5-15 % of the patients suffering from AF undergo catheter ablation treatment. During and after the ablation procedure they require anticoagulation to reduce the risk of procedure-associated stroke. Factor Xa inhibitors and direct thrombin inhibitors are new oral anticoagulants (NOACs) that provide an alternative treatment to vitamin K antagonists (VKAs) for stroke prevention in AF. Their use has been evaluated in several large clinical trials. So far, it has not been examined whether NOACs can be used in the setting of catheter ablation of AF.

AXAFA is to test whether anticoagulation with the direct factor Xa inhibitor Apixaban is as safe as VKA therapy in patients undergoing catheter ablation of AF in the prevention of peri-procedural complications such as death, stroke, and major bleeding events. The prospective, parallel-group, randomized, open, blinded outcome assessment, multi-center trial will enroll 630 AF patients who will undergo catheter ablation. About 50 study centers – 25 in Europe and 25 in the USA – that routinely perform catheter ablation will enroll the patients after obtaining informed consent.

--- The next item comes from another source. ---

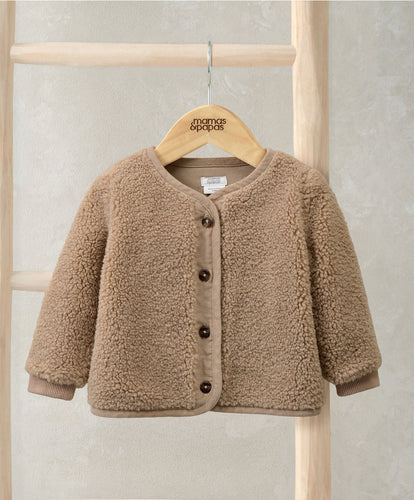 Mamas & Papas Fully Lined Borg Jacket with Rib Cuffs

The study participants will be randomized to either receive the factor Xa inhibitor Apixaban or VKA therapy. They will have to take the medicine for at least 30 days prior to the planned catheter ablation procedure. This interval may be shorter in patients undergoing a transesophageal echocardiogram (TEE) with exclusion of atrial thrombi. In this case the ablation can be performed shortly after the first taking of the medicine. Study medication has to be continued for three months after the ablation procedure. All patients will be treated following the current guidelines.